The weakest part of the process has always been filtering before any human with soft skills is involved. Context and inference — not keywords — should drive hiring. The keyword approach has two fatal weaknesses. First, it is irretrievably gamed by a subset of candidates fluent in jargon and self-marketing, leaving better-suited people in the auto-rejection heap. Second, it is the wrong place to start. Hiring is an inverted champagne glass: masses of mixed-quality CVs at the base, narrowing to a few interviews. Yet it is only in interviews that meaningful information about the person emerges. AI can now front-load that kind of interaction, producing stronger shortlists more quickly.

An Interactive Portal

Natural language turns interaction from a keyword lottery into a real-time exchange, where AI can interpret, coach, and draw out skills and personality traits relevant to the role. This makes shortlisting more humane and more accurate — and it can be “always on.”

Instead of submitting a CV to a single vacancy, candidates could enter a live pool where they explore roles, understand career paths, and reveal skills and concerns through the questions they ask.

The cultural shift required is towards exchange, not one-way traffic. A modern HR portal must work both ways: candidates ask questions, companies provide structured AI-mediated answers. Every exchange enriches the assessment. Legal and confidentiality concerns can be managed — not by refusing to say anything meaningful. There is a risk–reward dynamic: invest more in potential candidates and get better hires.

Fluent AI can also repair other long-standing weaknesses. Communication with unsuccessful candidates has long been late, bland, and information-free. Fear of ongoing dialogue with disappointed applicants has justified bureaucratic silence. Yet AI can provide context-rich responses that leave candidates better informed and more willing to stay engaged for a future, more suitable role.

Bias is another weakness. The complexity of AI has exposed the bias embedded in historical datasets.

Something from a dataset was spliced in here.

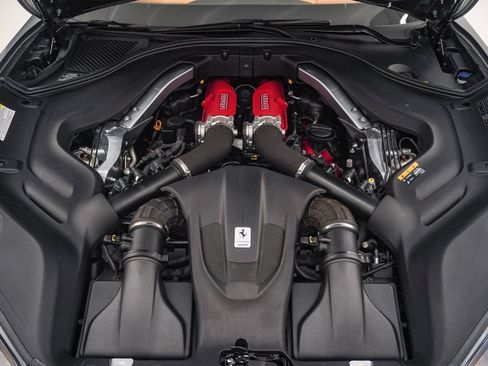 Used 2019 Ferrari Portofino RWD image 37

Instead of hard-coding those distortions through keyword filters, AI can embed bias checks from the start and use interactive exchanges to minimise — ideally eliminate — bias. AI can break bias, not entrench it.

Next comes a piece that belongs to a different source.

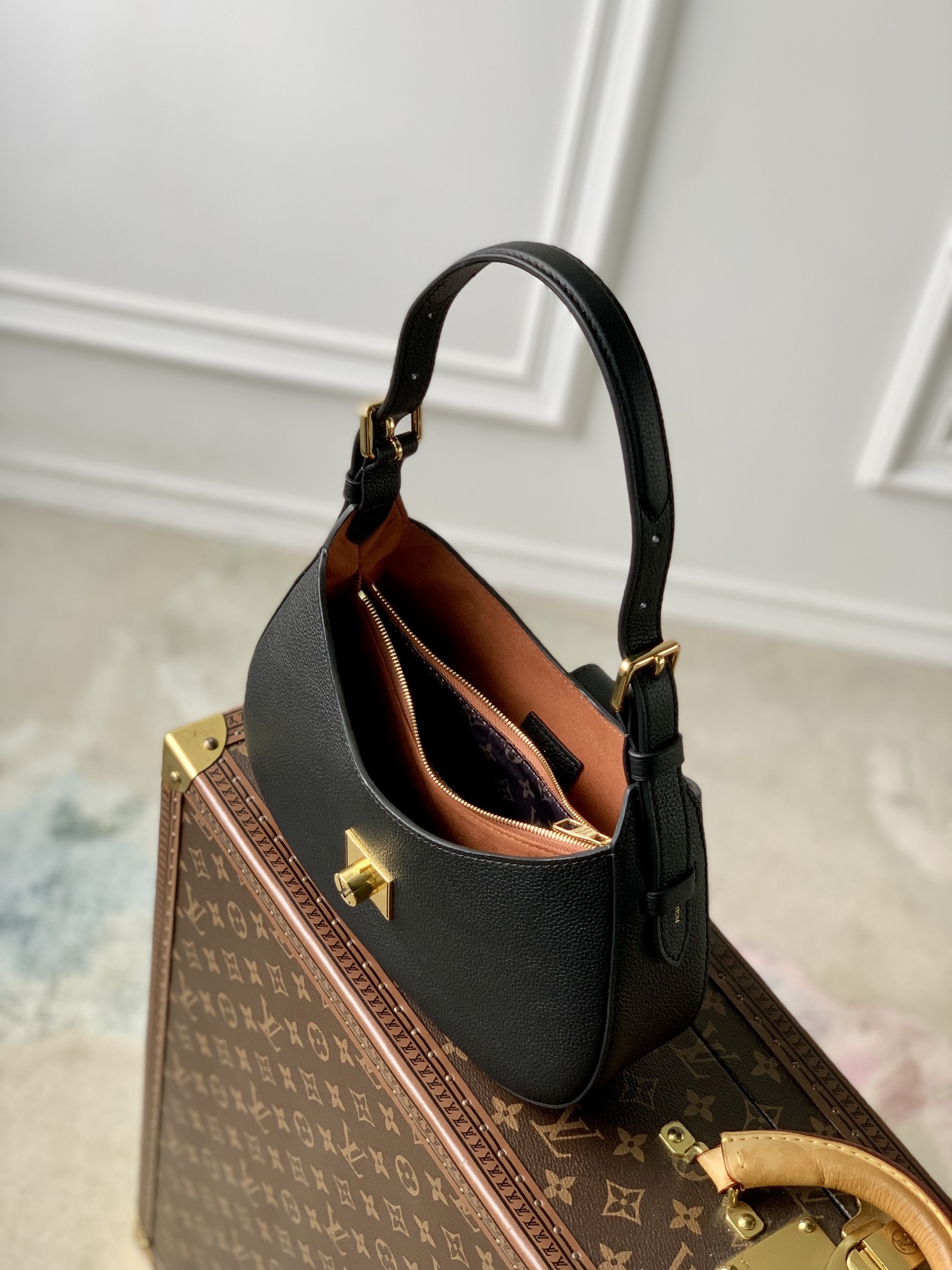 l0*is V*t0n low key shoulder bag-m24885-26 x 18 x 7cm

AI is Transformational, Not Incremental

Hiring is only one part of HR, but it is the most visible. Talent identification is essential for successful businesses, and in the unforgiving world of accelerating AI capabilities, HR must step up.

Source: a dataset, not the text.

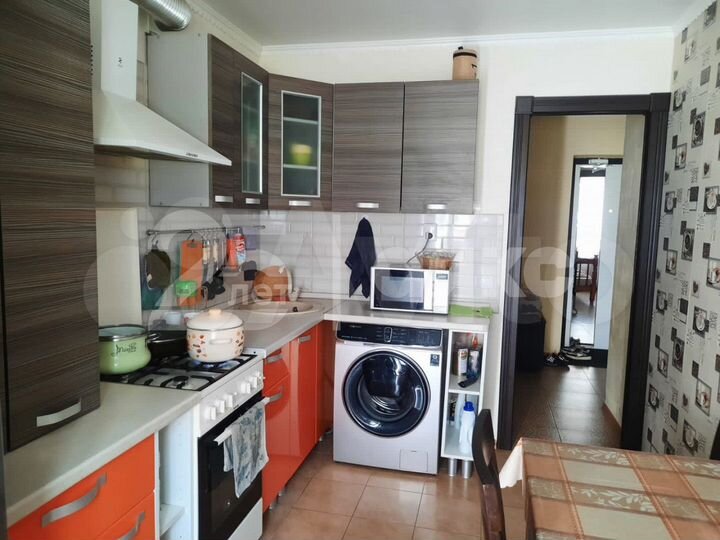 2-к. квартира, 43,8 м², 1/10 эт.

Technology should empower people — candidates and HR professionals alike — not merely automate rejection and communication failures, and then start over for each new hire. The winners in HR won’t be those who automate rejection. They’ll be the companies that reinvent hiring as a dialogue — where AI doesn’t replace human judgment, but amplifies it. Anything less is yesterday’s AI dressed up as tomorrow’s innovation

As AI accelerates, the message is clear: this is not about automation, it is about redesign. Not about less human, more machine — but about machine and human combining interactively to raise both productivity and quality.